Comme prévu par les sondages, le Parti conservateur, au pouvoir depuis quatorze ans, a subi un revers historique. Lui qui, lors des législatives précédentes fin 2019, avait obtenu une majorité absolue, perd 252 sièges pour n’en conserver que 121 – son pire résultat depuis près de deux siècles ! La plupart des ministres candidats ne sont pas réélus. Cette chute traduit un discrédit profond. Le Premier ministre conservateur Rishi Sunak n’ayant apporté aucune solution aux problèmes vitaux de la population, à savoir le coût de la vie et le délabrement des services publics, a payé pour ses prédécesseurs : Cameron et ses coupes dans la santé et l’éducation, Johnson et ses mensonges sur les bienfaits du Brexit, Truss et son aventurisme budgétaire…
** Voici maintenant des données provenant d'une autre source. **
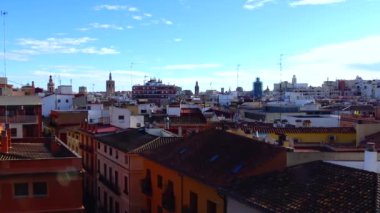 Spain, Valencia - December 07, 2022 -  museum tower close-up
Le rejet des Tories (conservateurs) est donc le facteur principal de la victoire du Labour (parti travailliste), en fait très relative. À la Chambre des communes, qui compte 650 députés, les travaillistes passent certes de 202 à 412 députés, et dépassent nettement la majorité absolue. Le Labour a repris aux Tories l’essentiel des bastions du nord de l’Angleterre perdus en 2019, et aux nationalistes écossais du SNP nombre de circonscriptions urbaines. Mais s’il va occuper presque les deux tiers de l’assemblée, le Labour obtient tout juste le tiers des votes exprimés (34 %). Ce décalage résulte du mode de scrutin, uninominal à un tour qui octroie, dans chaque circonscription, le siège au candidat arrivé en tête, même s’il obtient un score bas ou à peine supérieur à celui de ses rivaux. Par rapport à 2019, le Labour ne progresse que de 1,6 point et perd même 600 000 électeurs. L’abstention, de 40 %, n’avait d’ailleurs jamais été aussi élevée à des législatives depuis 1885, 2001 excepté. Le vote pour les travaillistes a donc été surtout un choix par défaut.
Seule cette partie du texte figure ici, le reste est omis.